| Your objective |
The records below are to be copied word for word, with every picture left out.

Image-text web data:
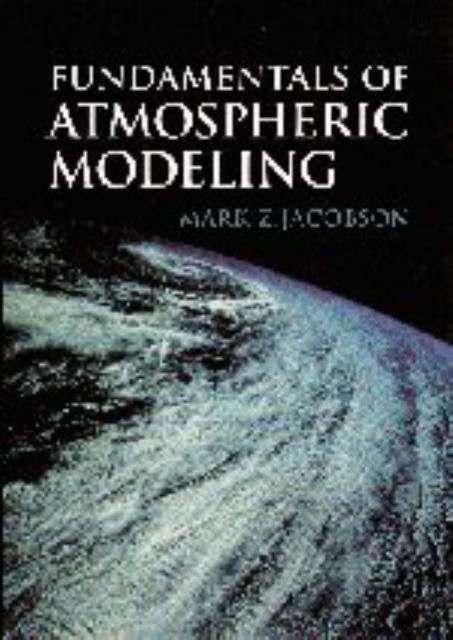Fundamentals of Atmospheric Modeling, Paperback Book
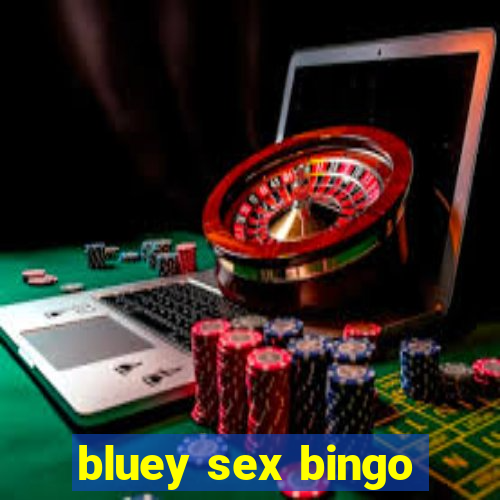 bluey sex bingo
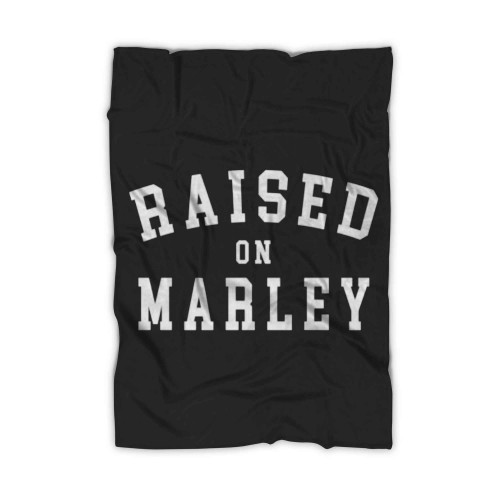 Raised On Marley Bob Marley Blanket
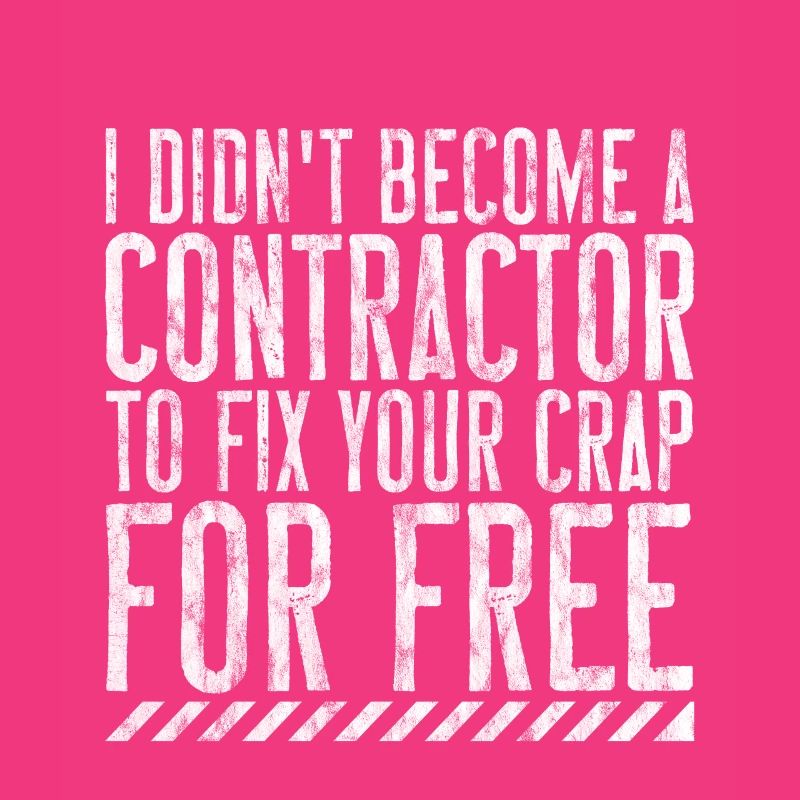 I didn't become a contractor to fix your crap 3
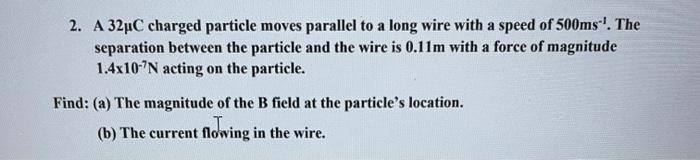 Solved 2. A 32 C charged particle moves parallel to a long | Chegg.com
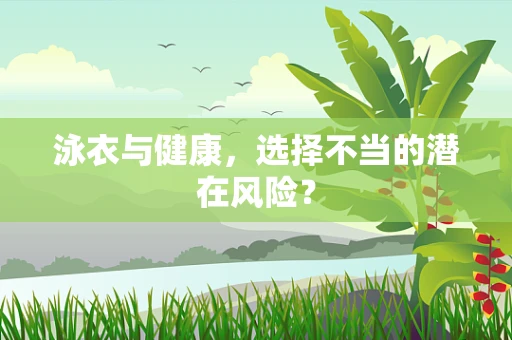 泳衣与健康，选择不当的潜在风险？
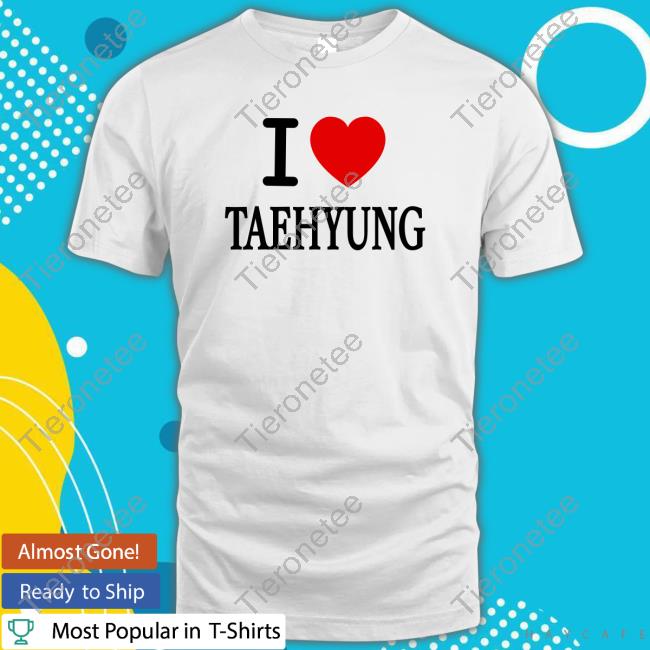 Official Taejinsgirl I Love Taehyung T Shirt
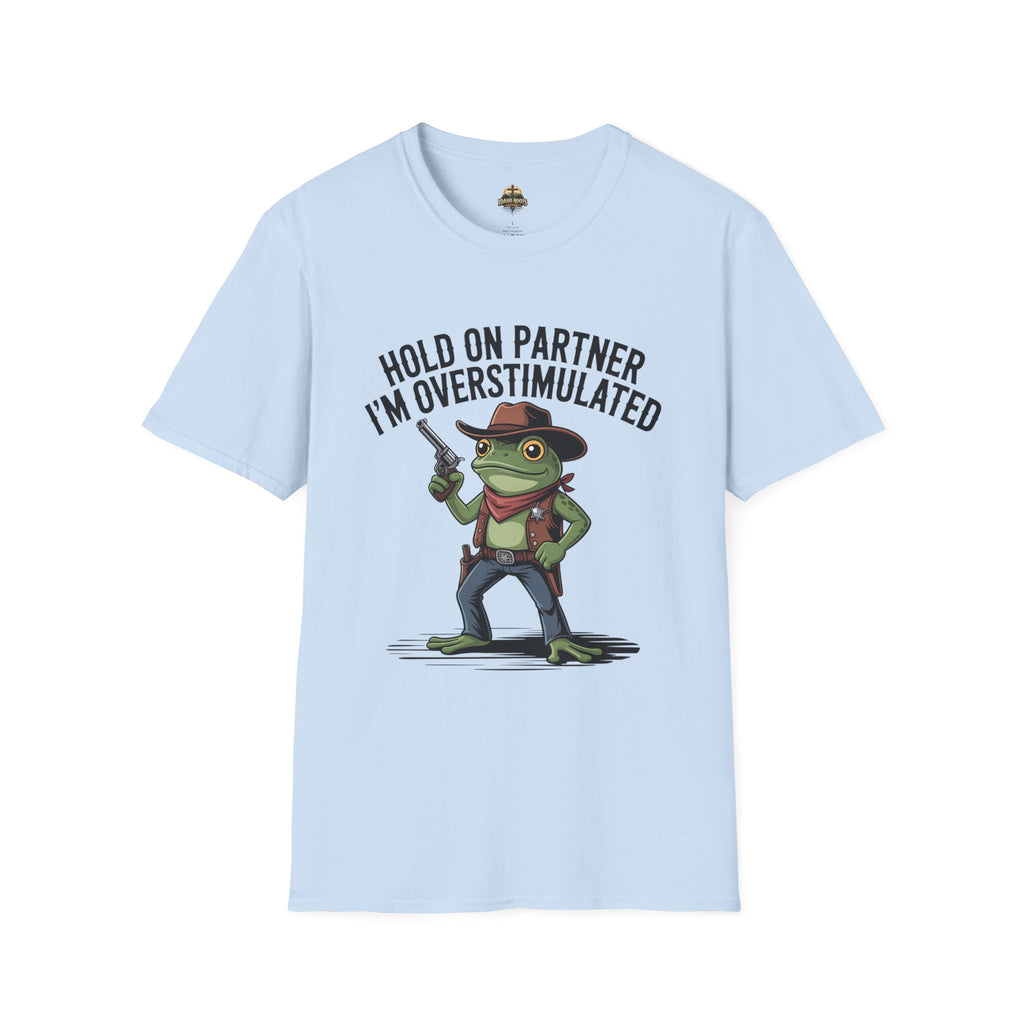 Overstimulated Cowboy Frog T-Shirt – "Hold On Partner I'm Overstimulated" Graphic Tee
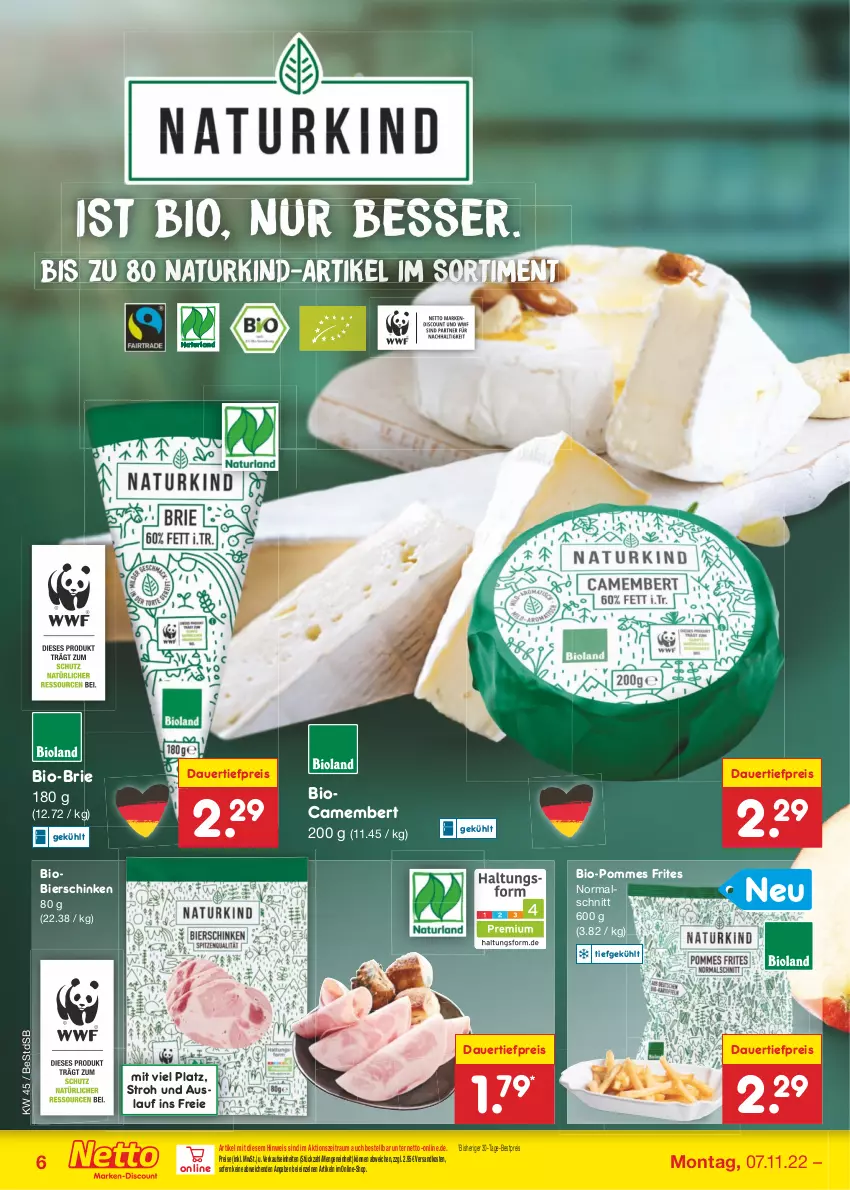 Aktueller Prospekt Netto Marken-Discount - Filial-Angebote - von 07.11 bis 12.11.2022 - strona 6 - produkty: auer, bestpreis, bier, bierschinken, bio, brie, camembert, dauertiefpreis, eis, natur, ndk, pommes, Pommes Frites, reis, schinken, Ti, tiefpreis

| Your response |
Fundamentals of Atmospheric Modeling, Paperback Book
 bluey sex bingo
 Raised On Marley Bob Marley Blanket
 I didn't become a contractor to fix your crap 3
 Solved 2. A 32 C charged particle moves parallel to a long | Chegg.com
 泳衣与健康，选择不当的潜在风险？
 Official Taejinsgirl I Love Taehyung T Shirt
 Overstimulated Cowboy Frog T-Shirt – "Hold On Partner I'm Overstimulated" Graphic Tee
 Aktueller Prospekt Netto Marken-Discount - Filial-Angebote - von 07.11 bis 12.11.2022 - strona 6 - produkty: auer, bestpreis, bier, bierschinken, bio, brie, camembert, dauertiefpreis, eis, natur, ndk, pommes, Pommes Frites, reis, schinken, Ti, tiefpreis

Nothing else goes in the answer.